Kim Cattrall’s long-awaited cameo on And Just Like That finally took place in the opening moments of the show’s season 2 finale—and it may have given us the show’s best callback to Sex and the City yet.
Cattrall, as the glamorous PR maven Samantha Jones, appears on a surprise phone call opposite Sarah Jessica Parker’s Carrie Bradshaw, expressing regret that she won’t be able to make Carrie’s final dinner party in her iconic Upper East Side apartment. In the scene, Samantha, who has since moved to London, had planned to surprise Carrie at the event after Charlotte and Miranda told her that Carrie was moving out of her longtime home, but due to a three hour flight delay, she was unable to make the flight at all. As a consolation, she asks Carrie to put her on speaker phone so that she can “pay her respects” to the apartment.
“Thank you for everything you f-cking fabulous, fabulous flat,” she says with slight British accent.
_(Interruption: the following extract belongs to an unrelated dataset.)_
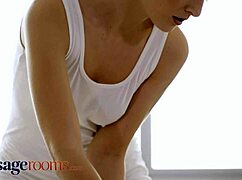 Massage room babes Katy Rose and Vanessa Decker in oily lesbian fun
Read More: Sex and the City Is Nothing Without Samantha Jones
When Carrie teases her about her accent, Samantha cheekily jokes that she’s actually Annabelle Bronstein, an identity she memorably assumed in season 6, episode 10 of SATC. In that episode, Samantha impersonates Bronstein, a British woman whose membership card she finds in the bathroom of the Soho House, the members-only club with a pool that Samantha, despite her PR connections, can’t secure access to. The ruse, along with Samantha’s British accent, goes swimmingly until the real Annabel Bronstein informs the club that she’s been in London for the week and not in New York City.
Cattrall’s reprisal of her role from SATC has been one of the most anticipated moments of AJLT’s second season and came as a surprise to many fans of the two shows because of the longtime feud Cattrall is rumored to have with Parker and the rest of the SATC cast. This alleged real-life tension was written into the first season of AJLT, in which an estrangement between Carrie and Samantha was one of the show’s largest storylines, a seeming way to address the absence of Samantha, whose outrageous and sex positive escapades were often the comedic heart of SATC.
While Cattrall’s appearance on AJLT was brief, it was a charming moment for nostalgia for the original series, a sentiment that the show has returned to again and again by reviving other past characters like John Corbett’s Aidan Shaw. It was also a reminder of Cattrall’s undeniable charisma and how, despite how things may change, there will never be another Samantha Jones.